Bradley Beal scored 26 points to lead the Wizards to a 116-106 win over the Pelicans. (Toni L. Sandys/The Washington Post)

Capital One Arena fell into a hush as Bradley Beal attempted to stand up, only to crumple back to the floor.

Beal stayed there — sitting while not trying to mentally escape from the pain after rolling his left ankle — but after a while, he stood and walked back to the sideline. Beal not only remained in the game but looked spry while ending the third quarter on a shooting spree and setting up the Washington Wizards' 116-106 win Tuesday night over the New Orleans Pelicans.

The momentary fear had washed over the onlookers, and these fleeting feelings of dread defined the fan experience in the Wizards' matchup against New Orleans.

Washington (17-14) lost a 25-point lead as the starters looked stagnant to end the first half. The malaise carried over into the opening minutes of the third quarter when Coach Scott Brooks walked onto the court, holding out his arms after calling a timeout when New Orleans tied the score at 61. Brooks must have been just as frustrated while counting more than six minutes off the game clock between field goals from his team.

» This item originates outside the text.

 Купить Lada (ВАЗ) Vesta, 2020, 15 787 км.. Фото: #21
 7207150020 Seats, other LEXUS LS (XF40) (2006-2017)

And yet — just as Beal appeared to be down and out — the Wizards surprisingly pulled themselves up and pulled away from the Pelicans with a decisive 32-15 third quarter.

Washington survived against a Pelicans team that features two of the best big men in the game, Anthony Davis and DeMarcus Cousins. Although the pair combined for 63 points on 19-for-38 shooting and 26 free throw attempts, the Wizards survived by holding the rest of the Pelicans in check (15 for 42).

"It's tough being undersized," said 6-foot-8 Wizards forward Mike Scott, who often had to battle with one of the all-star centers. "They're seven-footers. It's tough. I just tried to hold my own."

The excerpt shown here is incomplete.